The well-known casting industry of the Japanese city Odawara dates back all the way to the Tembun Era (1532 - 1555) when Yamada Jirozaemon opens the first foundry upon his arrival from what is now Osaka, in 1534. Casting products were in high demand at this time due to the many civil wars in that era.
The Kashiwagi family, who held a subordinate position from one of the most important families at that time, the Okubo family, moved to Odwara in 1686, where the late Harumitsu Kashiwagi opened the Kashiwagi Art Foundry. He specialized in Odawara Imono's (cast metal) two main materials; brass and Sahari. The first one exists of copper and zinc, whereas the Sahari is a complicated mix of copper and at least 20% tin.

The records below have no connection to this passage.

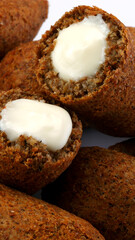 Kibbeh stuffed with cream cheese.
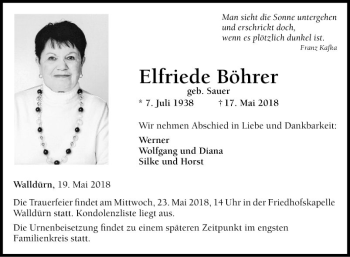 Traueranzeige von Elfriede Böhrer von Fränkische Nachrichten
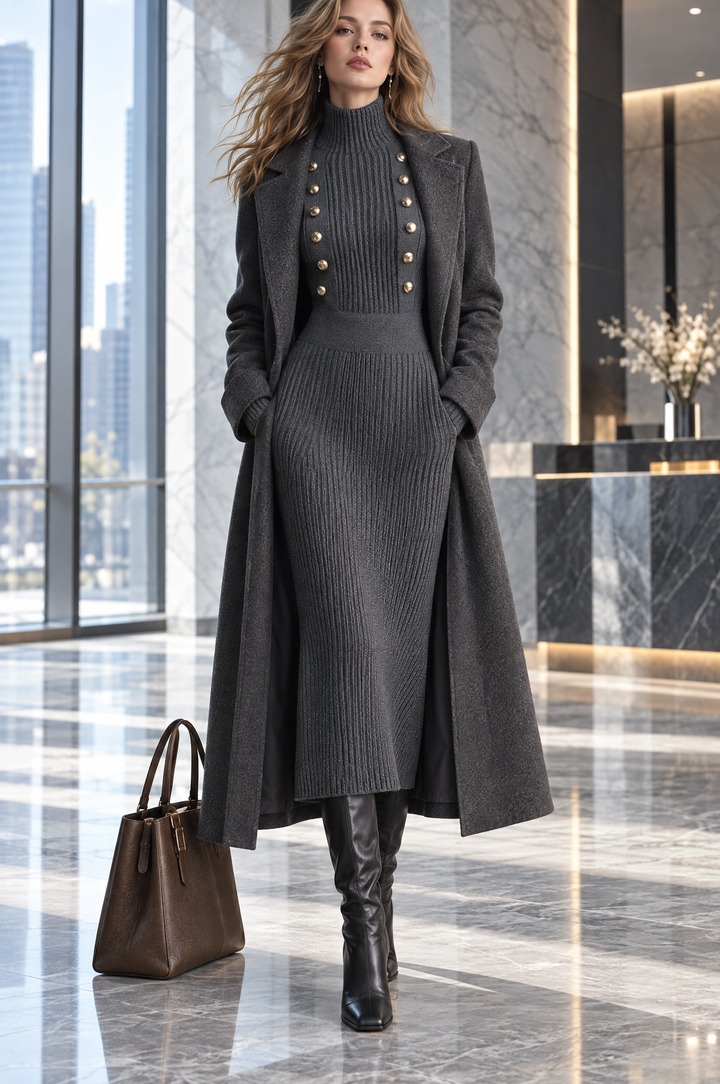 Napoleon-Inspired Midi Knitted Rib Dress with Gold Buttons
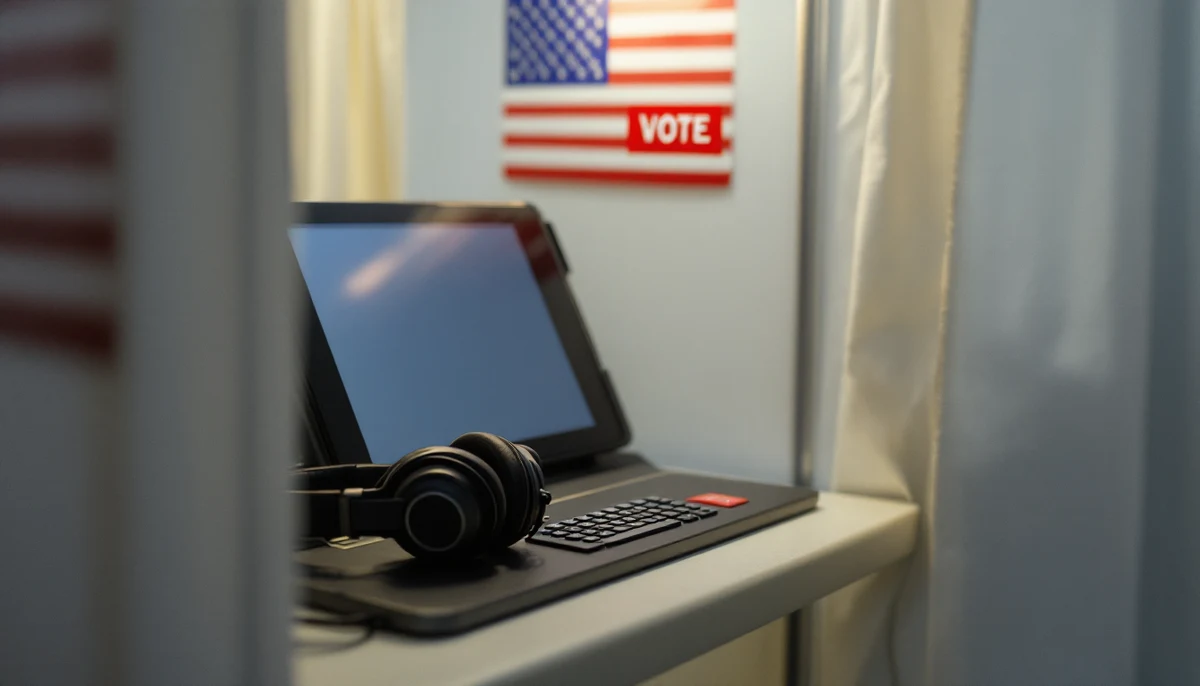 An accessible ballot-marking device with headphones on a tactile keypad inside a curtained voting booth, a wheelchair-height table beside it — the machine HAVA requires at every polling place.
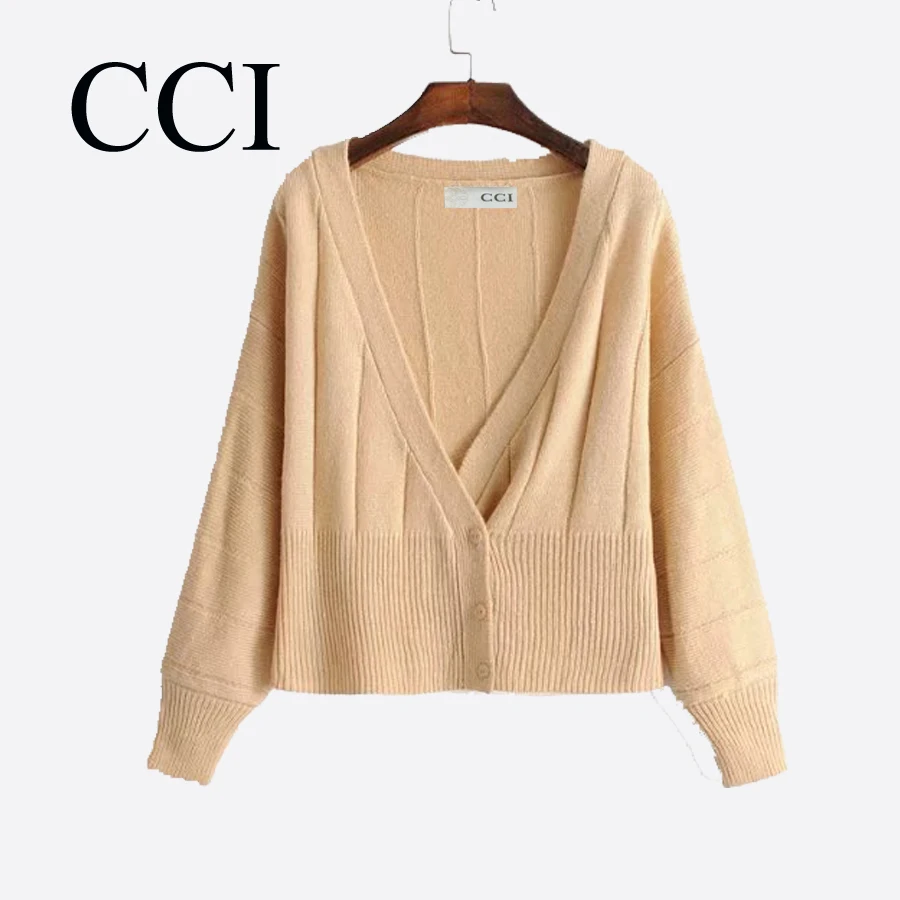 CCI Mohair Sweater Women Cardigan Knitted Coat Long Sleeve Female Casual V-Neck Woman Cardigans Tops Femme cci424-45 |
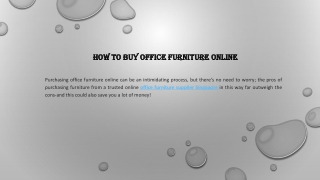 How to Buy Office Furniture Online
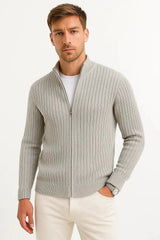 Men's Ribbed Full-Zip Knit Sweater
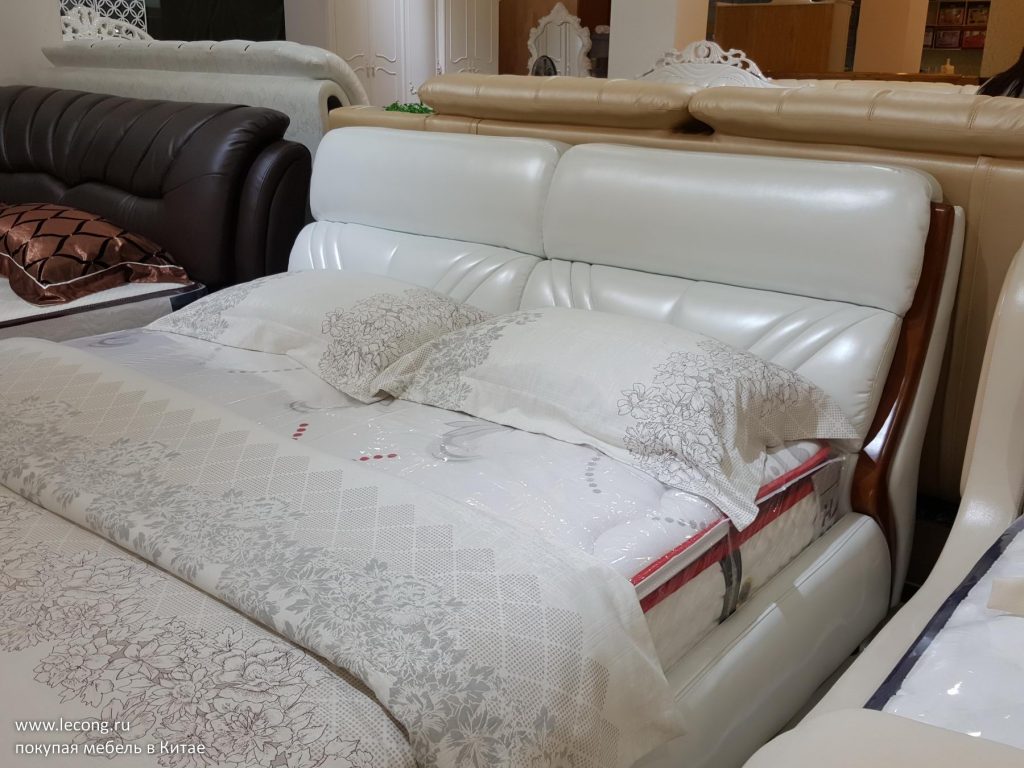 Кожаная кровать рынок мебели Китай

This mixture creates a hard, yet fragile chime, that creates a beautiful, unique lingering.
When Jirozaemon's descendants left Odawara, the Kashiwagi family purchased what was left of their business, which allowed them to tremendously grow their techniques and line-up, and form a foundation to the company they run today.
Kashiwagi Art Foundry has always focused on objects that produce sounds - and is therefore one of the best makers of bells, singing bowls and wind chimes.
Their products can be traced back in various prestigious settings, such as the hand bell for the chairman of the National Diet, the gong in the Shinjuku Imperial Palace, and the wind chimes used in the movie Red Beard, from Akira Kurosawa, who particularly searched for "Japan's most beautiful sounding wind bell"!
Teruyuki Kashiwagi, the youngest- and last generation of the family is one of the very few people left mastering the Kashiwagi style art. He is solely responsible for designing and producing each item and does this from his atelier in Odawara where temperature rises to far beyond 40C in summer time with a traditional furnance of 1000C.
He hopes to spread the beauty and uniqueness of his family's legacy throughout the world and leave a "happy and deep impression" through their art.
Teru KASHIWAGI keeps the 400 years family tradition of handmade bells alive.